> _Data for processing_:
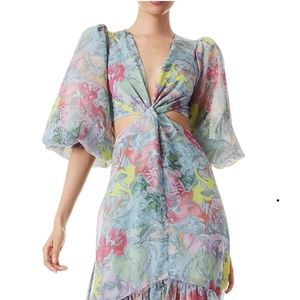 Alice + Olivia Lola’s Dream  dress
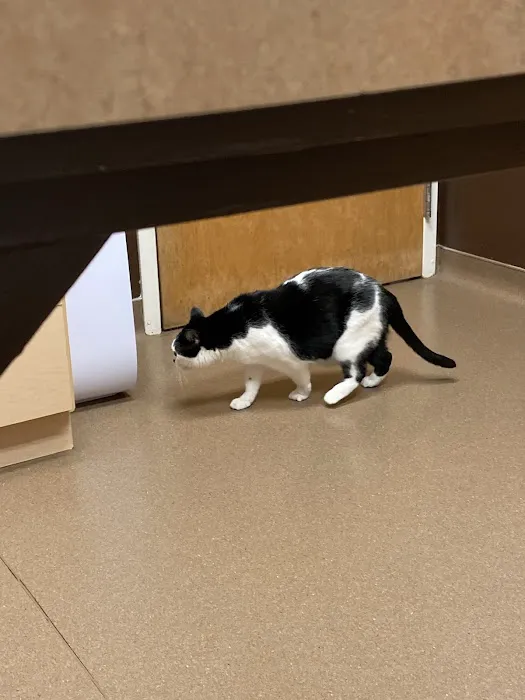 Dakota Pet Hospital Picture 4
==
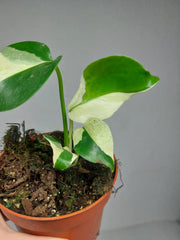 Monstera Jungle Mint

> _Task statement_: Starting at the line containing "Alice + Olivia" and stopping at the line containing "Dakota Pet Hospital Picture 4", output each line exactly as it appears above. Leave out the pictures.

> _Task solution_:
 Alice + Olivia Lola’s Dream  dress
 Dakota Pet Hospital Picture 4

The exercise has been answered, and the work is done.